:: Data section ::

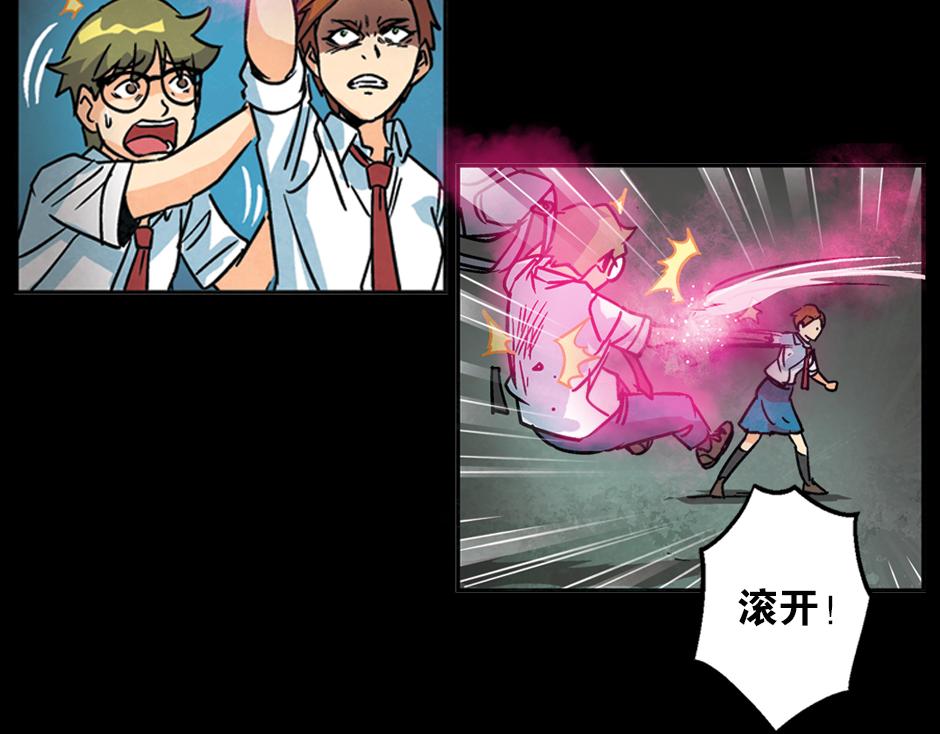 九命猫妖89
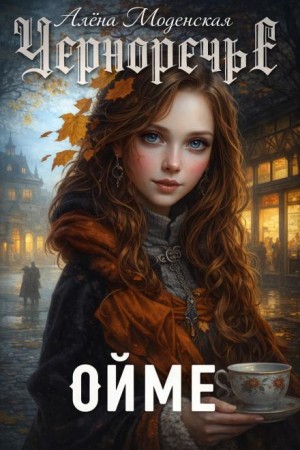 Ойме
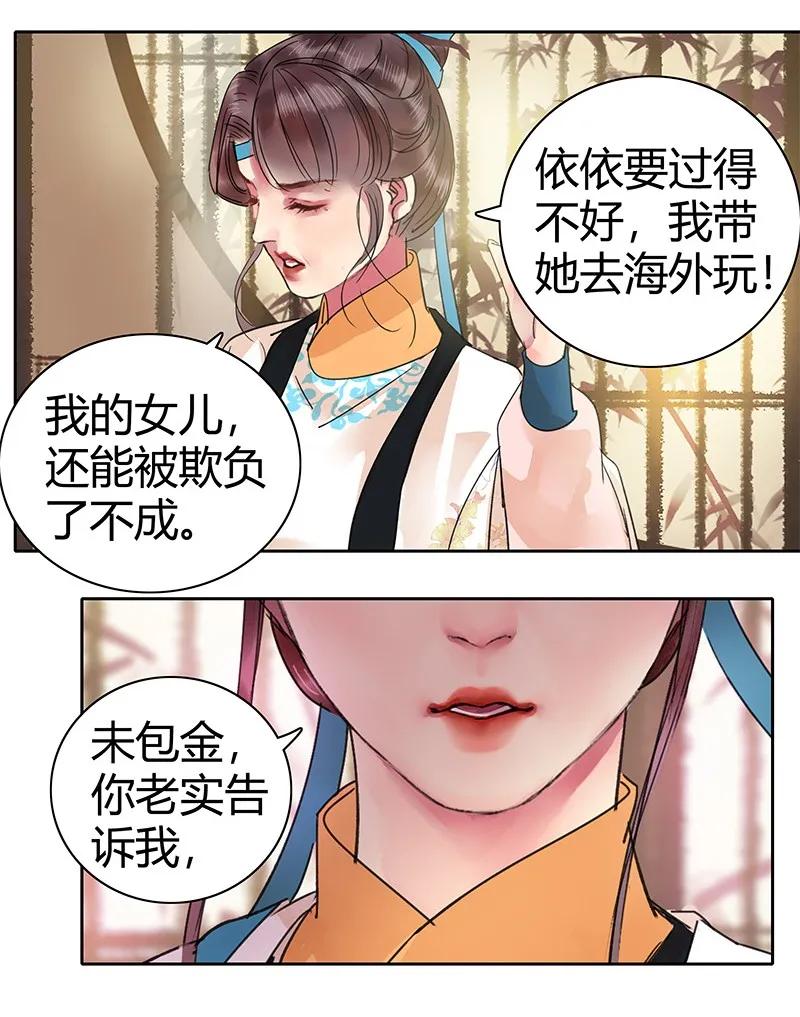 《我在皇宫当巨巨》133 兴师动众抓采花 第10页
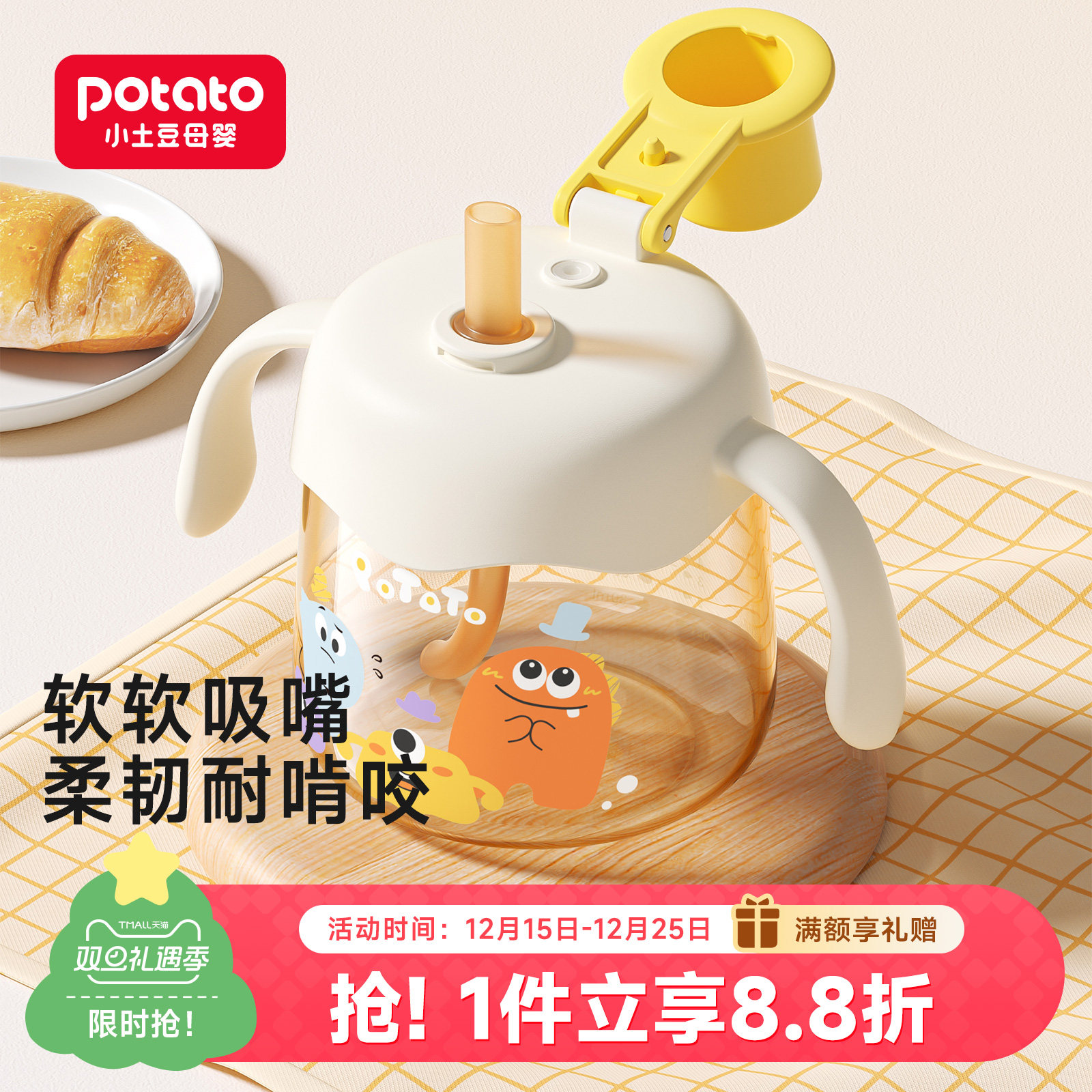 小土豆儿童牛奶杯PPSU直饮杯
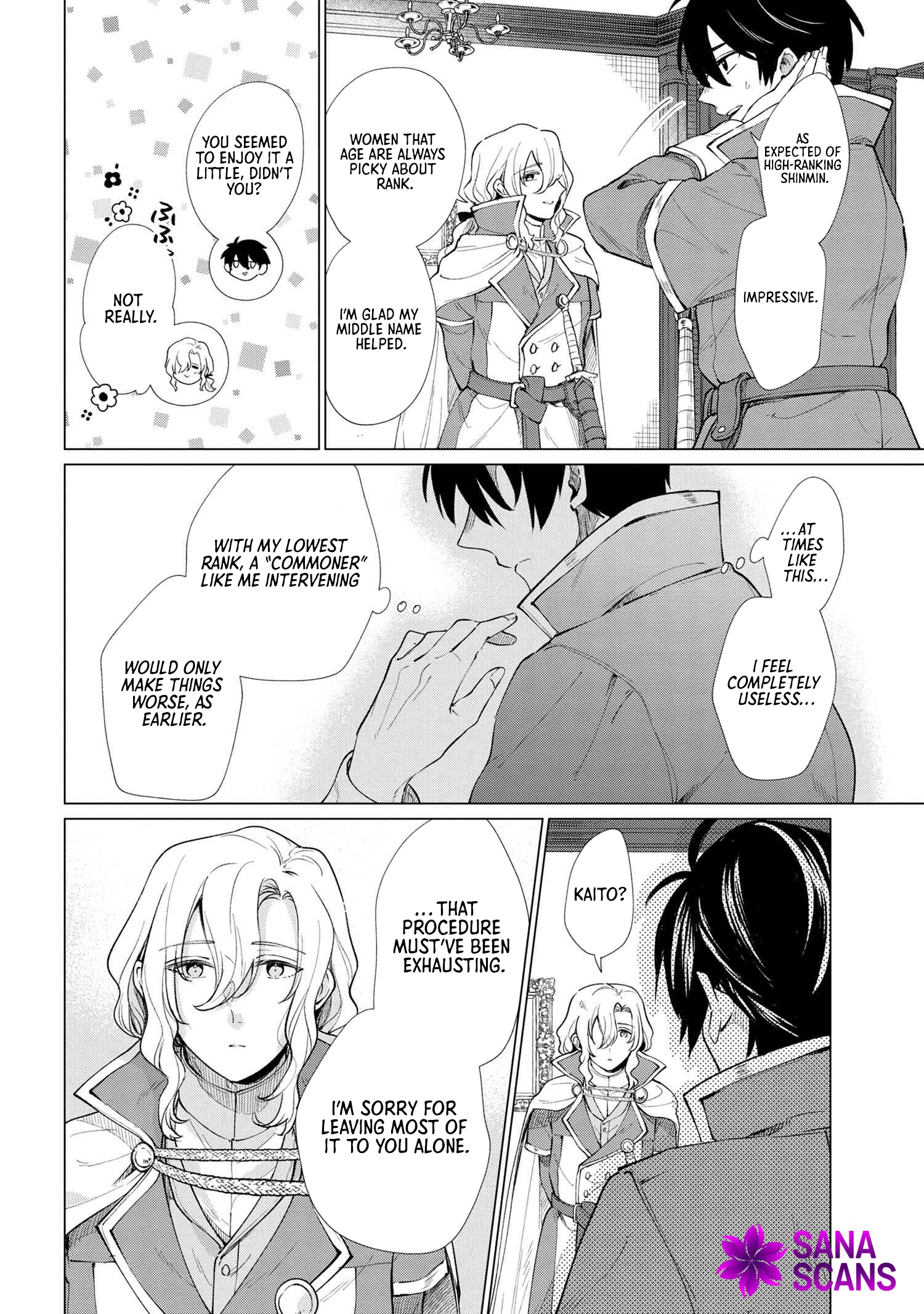 The Uninvited Priestess Chapter 2 Page 16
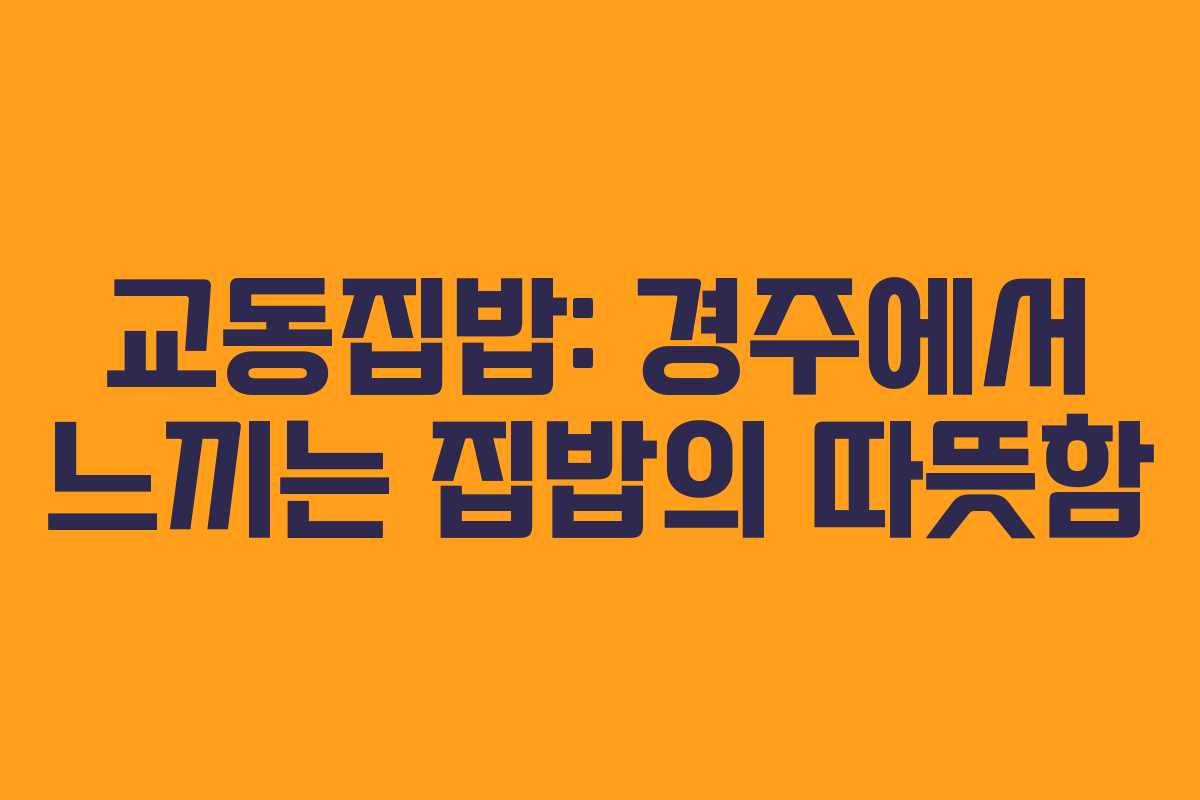 교동집밥: 경주에서 느끼는 집밥의 따뜻함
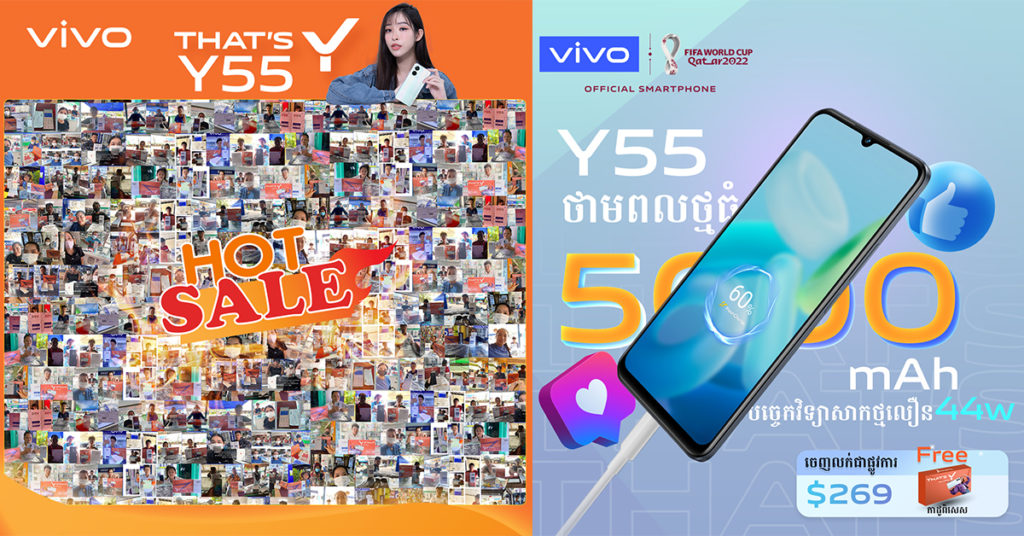 ដូចការរំពឹងទុកមែន ស្មាតហ្វូន vivo Y55 លក់ដាច់មួយទំហឹង!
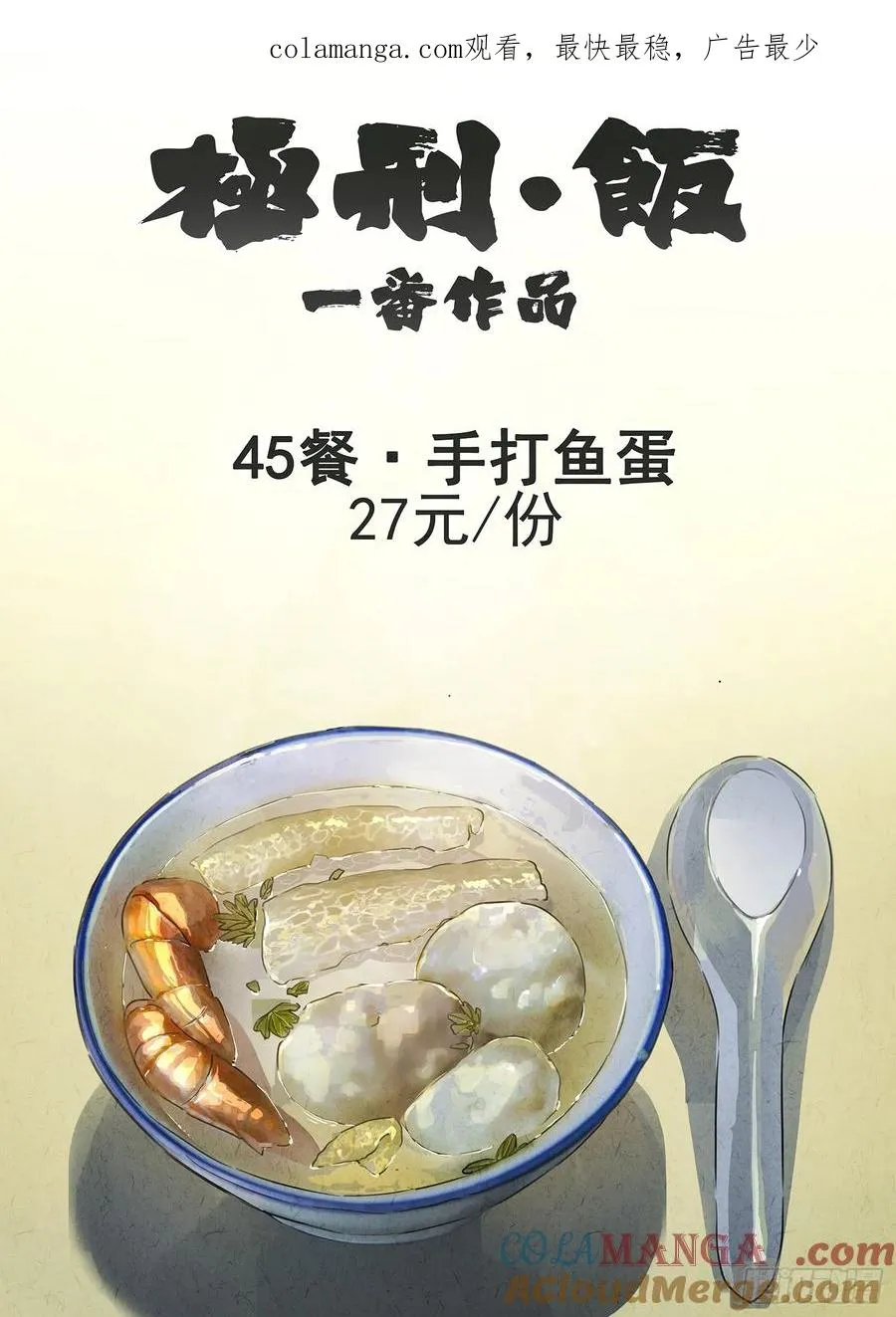 第四五话 手打鱼蛋（一） 第1页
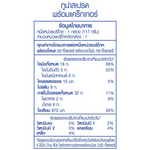 Canned Nautilus Tuna Spread jar with label, showcasing the grocery product in a clear view.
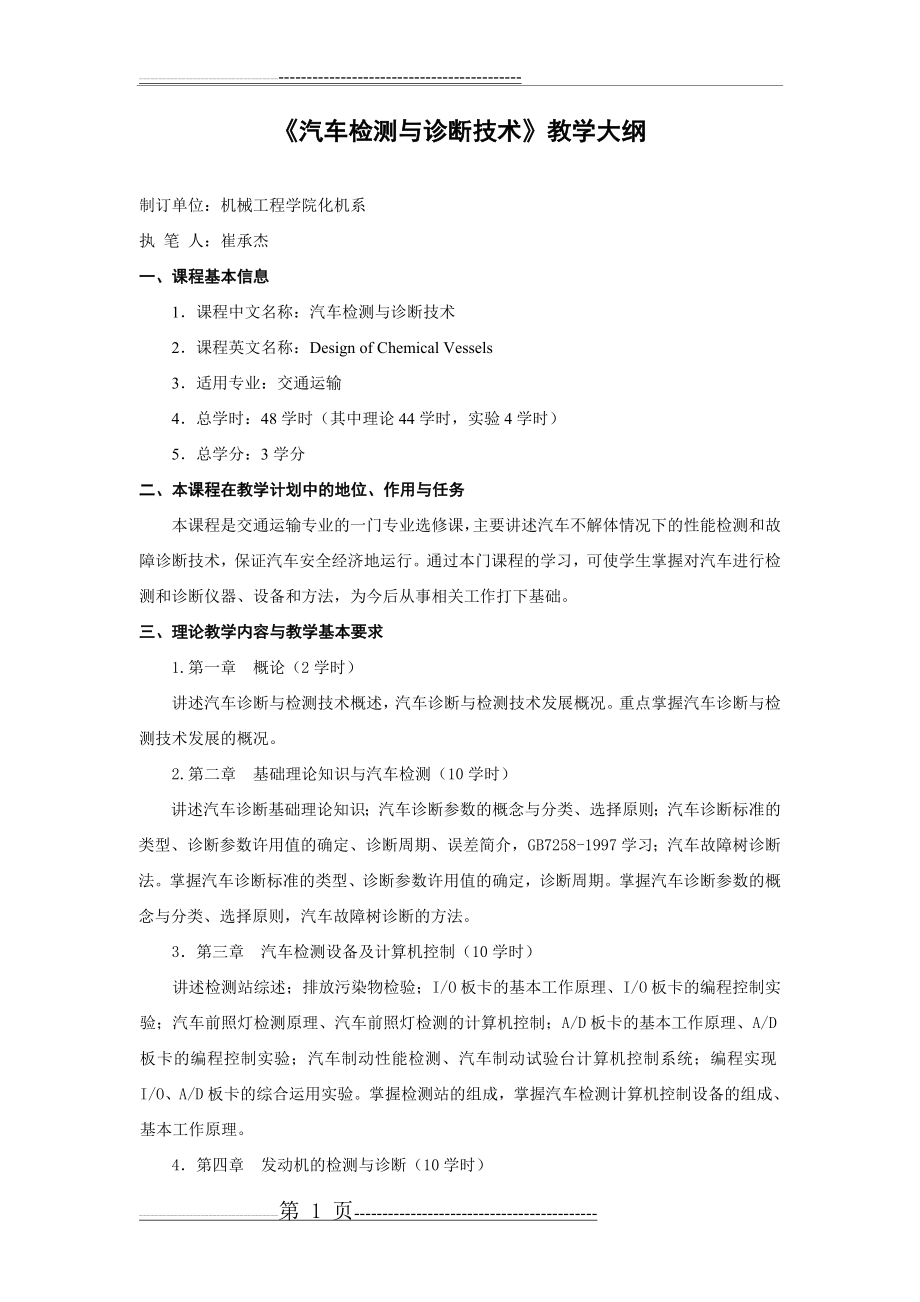 汽车检测与诊断技术教学大纲(3页).doc_第1页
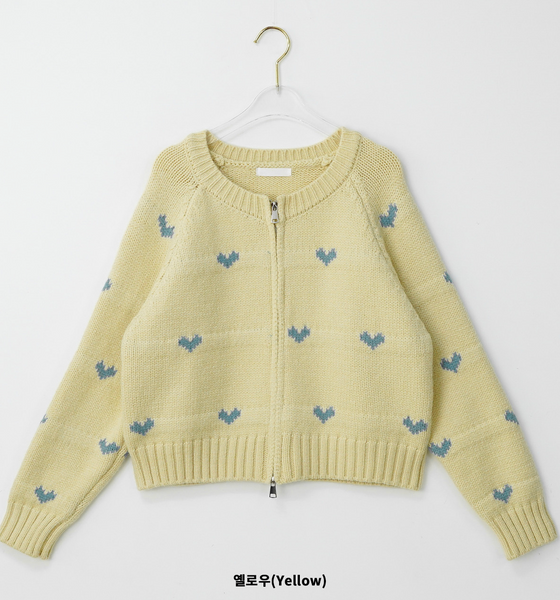 [BINARY01] Romantic Two-Way Heart Knit Zip-Up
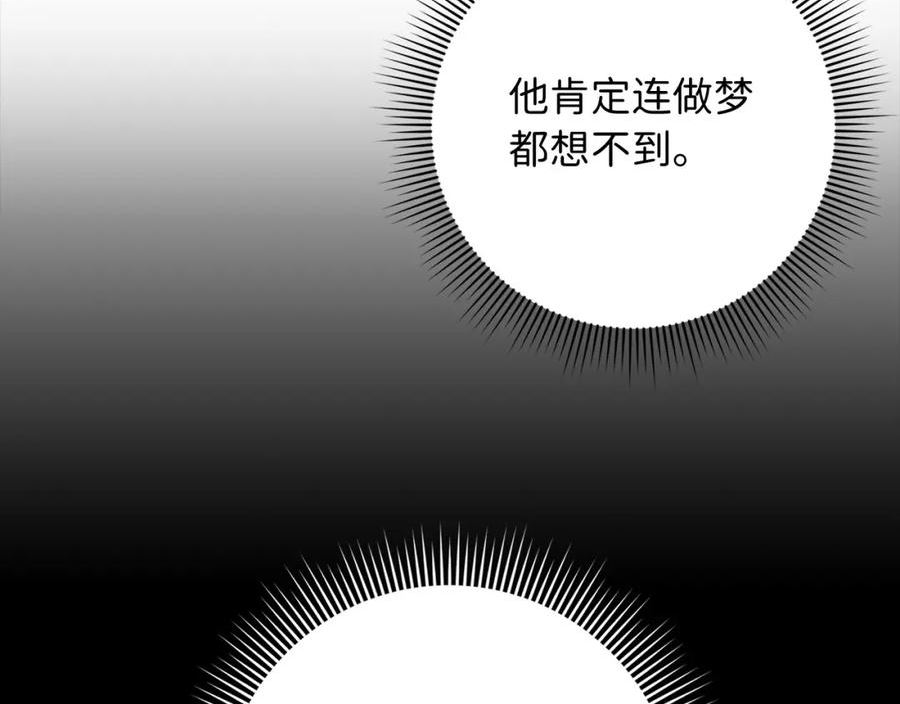 我买的是地，不是男人漫画,第39话 开始动摇99图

:::

> _What needs to be done_: The answer is the lines of the material above, from the one containing "小土豆儿童牛奶杯PPSU直饮杯" down to the one containing "Canned Nautilus Tuna", given exactly and without images.

> _Exercise result_:
 小土豆儿童牛奶杯PPSU直饮杯
 The Uninvited Priestess Chapter 2 Page 16
 교동집밥: 경주에서 느끼는 집밥의 따뜻함
 ដូចការរំពឹងទុកមែន ស្មាតហ្វូន vivo Y55 លក់ដាច់មួយទំហឹង!
 第四五话 手打鱼蛋（一） 第1页
 Canned Nautilus Tuna Spread jar with label, showcasing the grocery product in a clear view.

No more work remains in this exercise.